I'm worried that I might be a bit more susceptible to injury, too. Having a lot of fat means that your internal organs have a lot of cushioning, and that you have padding in general. Things hurt more when I get whacked with stuff. A lot of stuff is just less physically comfortable with less padding, and my ability to just soak up damage if I need to -- something that I don't need often, but which DOES come into effect OCCASIONALLY when dealing with bramble thickets, shoving machinery around, stopping heavy things from going where they oughtn't, and so forth -- is seriously compromised.
And, of course, I just plain don't have the inertia I used to. I've got fifty pounds less mass keeping me where I want to be, if some outside force tries to move me. I don't like that.
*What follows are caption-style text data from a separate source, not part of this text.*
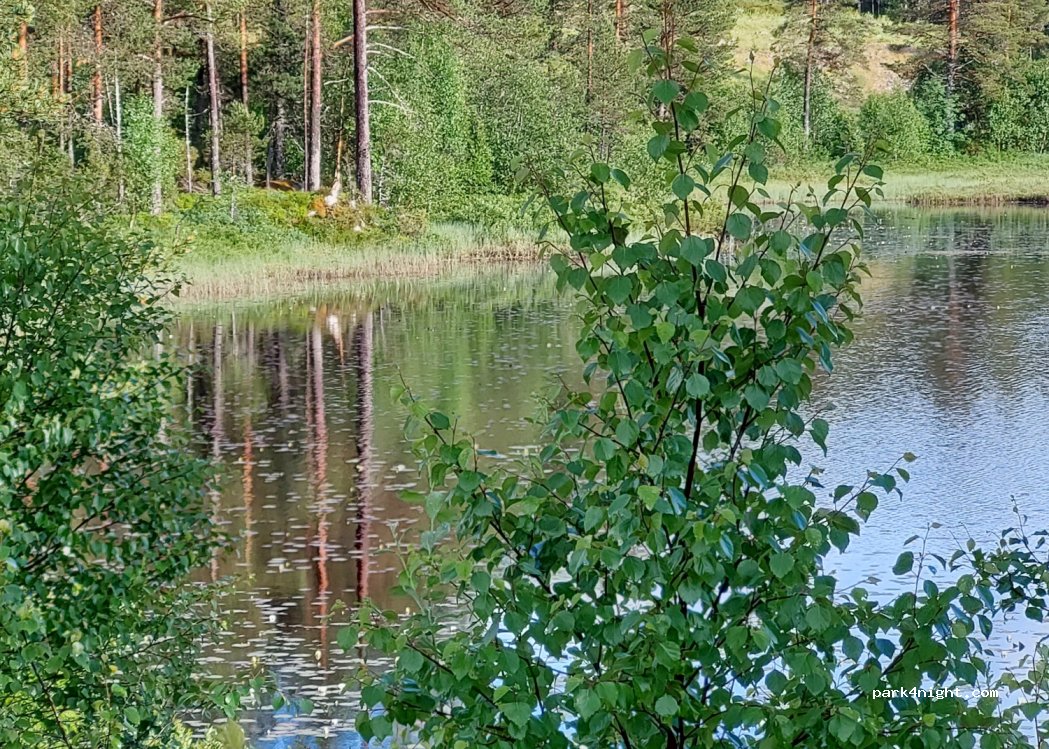 (6630) Tingvoll - 789 Vågavegen — foto 2
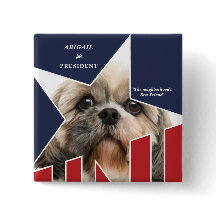 Pet Dog Foto Presidentiële Verkiezingen 2024 Kandi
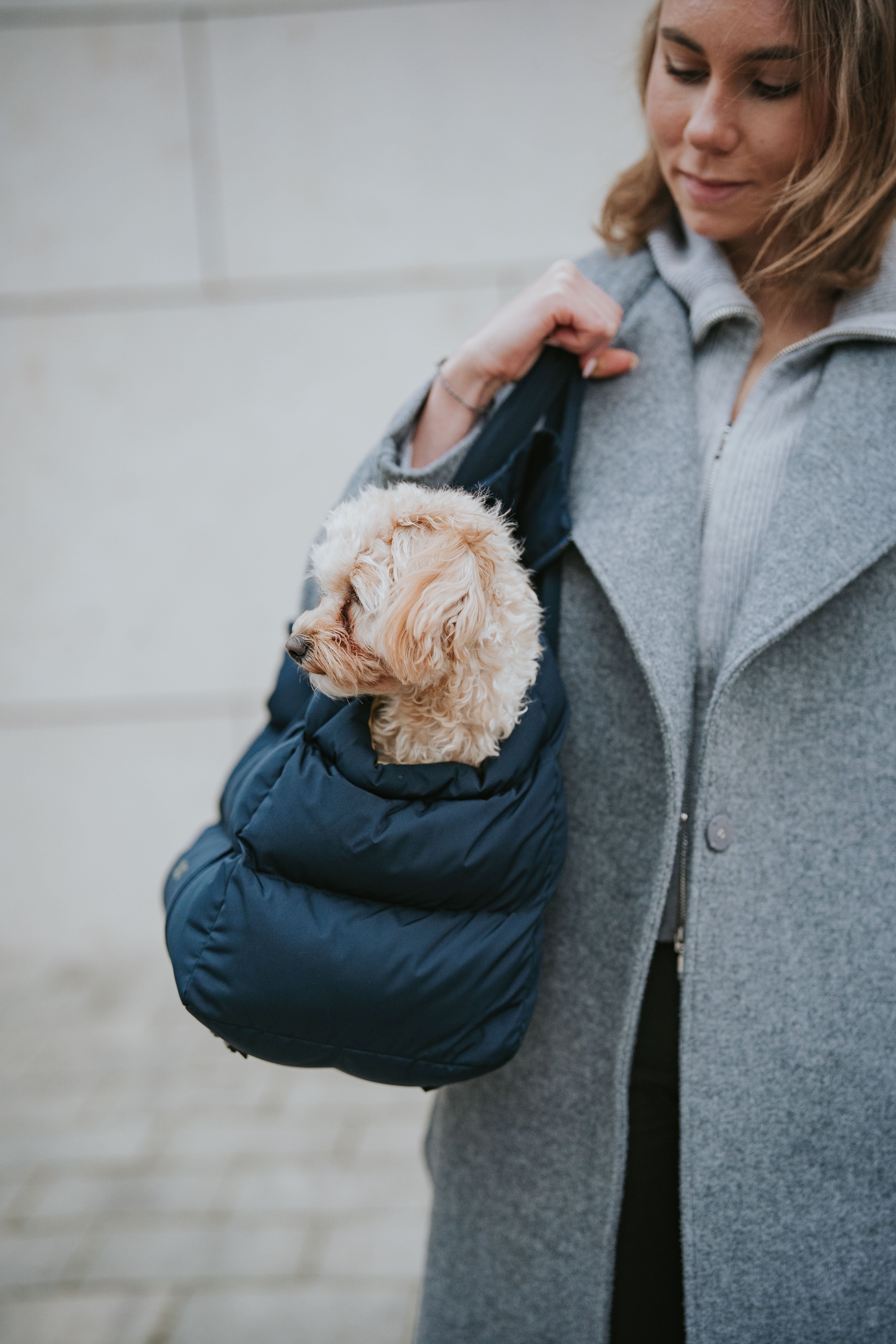 Cloud7 Hundetasche Montreal Navy Hundetragetasche kleine Hunde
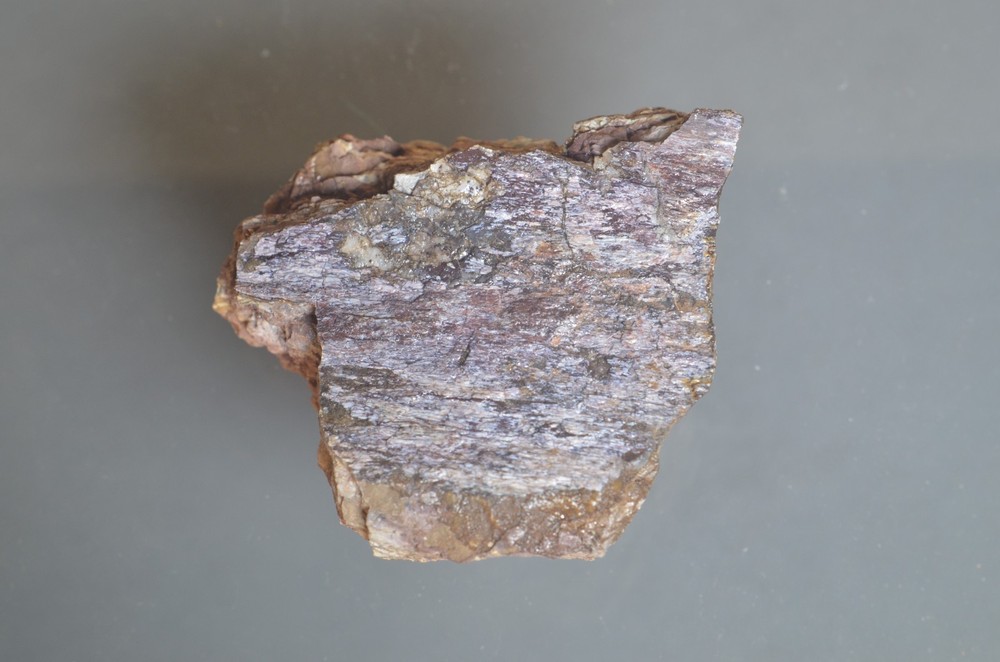 Fossil Dinosaur Bone Cast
A lot of this stuff can be partially replaced by working on increasing my lean muscle mass, but still -- there are a lot of advantages to body fat that I have lost, and I am not happy about it. Unless I choose to get fat again, I will never have those advantages again.
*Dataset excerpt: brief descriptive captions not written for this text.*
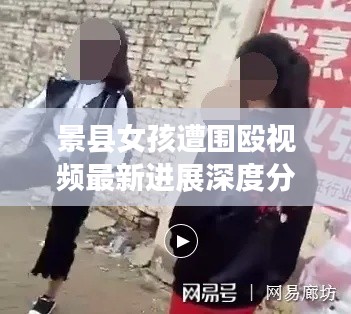 飛揚(yáng)撥扈 第2頁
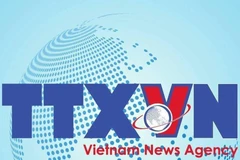 Concert in France supports Vietnamese AO victims 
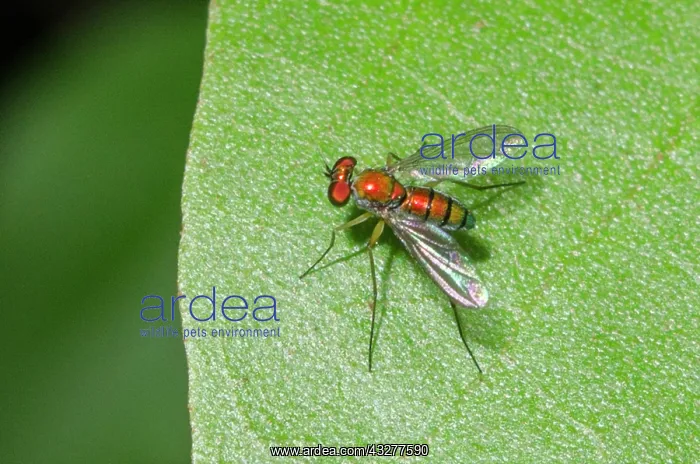 : Long-legged Fly on leaf - West Bali National Park, near Menj : Long-legged Fly on leaf - West Bali National Park, near Menj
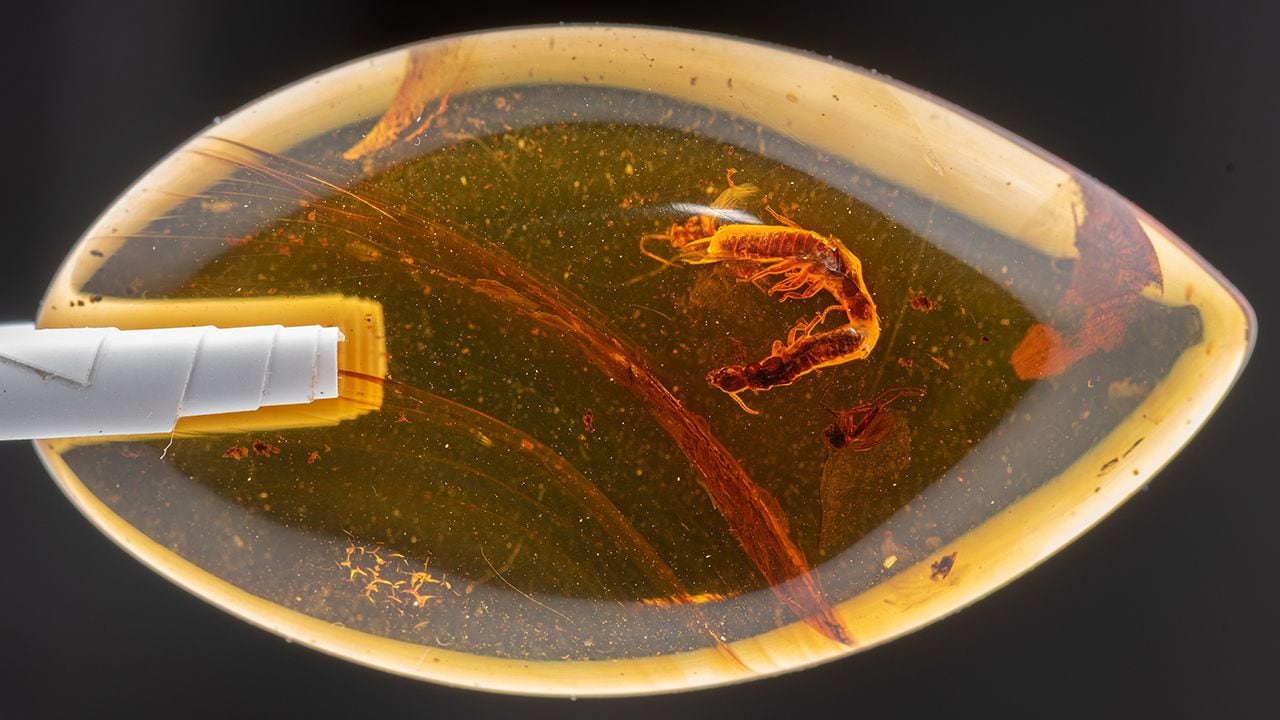 Termites found frozen in amber while mating 38 million years ago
Oh, there are benefits. In practical terms, this body shape is at least as physically effective. First, I've gotten a LOT of flexibility back. I'm pretty close to as flexible as you can be without really working at it, and without having any sort of potentially worrisome hypermobility. I mean, I know a fair number of people who are more flexible than I am, but they're generally martial artists, practice hatha yoga, or have Ehlers-Danlos Syndrome or something like that. But I'm finding out that my joint mobility has been hampered over the past couple decades by packing fat in and around them.
That lower moment of inertia that I mentioned before has benefits. I can do cartwheels again, for instance. It's been a long time since I could do gymnastics, other than, perhaps, back shoulder rolls and aikido rolls, so that's nice.
Having lower mass means that I can maintain faster movement longer. I can run for an hour, now, for instance. Just because it takes less energy to shift 185 pounds than 235. And my vertical leap is coming back.
So all of those are nice.
But, yeah. Ambivalent.
And then there are the cooking changes. I've had half a whoopie pie in the past five months. I've had two cider donuts. I'm probably eating barely five percent of the amount of cake, cookies, chocolate, donuts, muffins, and pies that I would otherwise be eating. And I'm not happy about that. I MISS that other 95%. I'm not cooking with anywhere near as much fats and oils -- I've used, like, half a stick of butter in the past five months. Total. For everything.
I'm eating goddamned low-fat cheeses. And I'm grateful for them.
I haven't baked. At all. I mean, I've used the oven for souffles and frittatas and stuff -- but you know what I mean. Baking.
Now, that's not COMPLETELY bad. I spent my entire life learning to cook in one way, and I'm now having to start all over again and learning to cook a completely different way. And that's actually kind of fun.
But still. Ambivalent. I get to figure out entirely new cooking techniques and dishes and recipes; everything I'm doing is different, and I like that.
And I also hate it. Because I'm NOT doing everything that I've spent forty years learning how to do. Well, maybe thirty-eight. I don't think I was really allowed to do a lot of stuff in the kitchen before I was about four or so. But I HAVE been helping put food together at least that long, even if it wasn't until a few years later that I was allowed to use anything sharp or hot. And while there are a lot of skills that are still relevant, there are a lot that aren't.
So, that's where I am right now with weight loss. I'm doing it, and doing it successfully, and I'm deeply ambivalent about both the process and the result.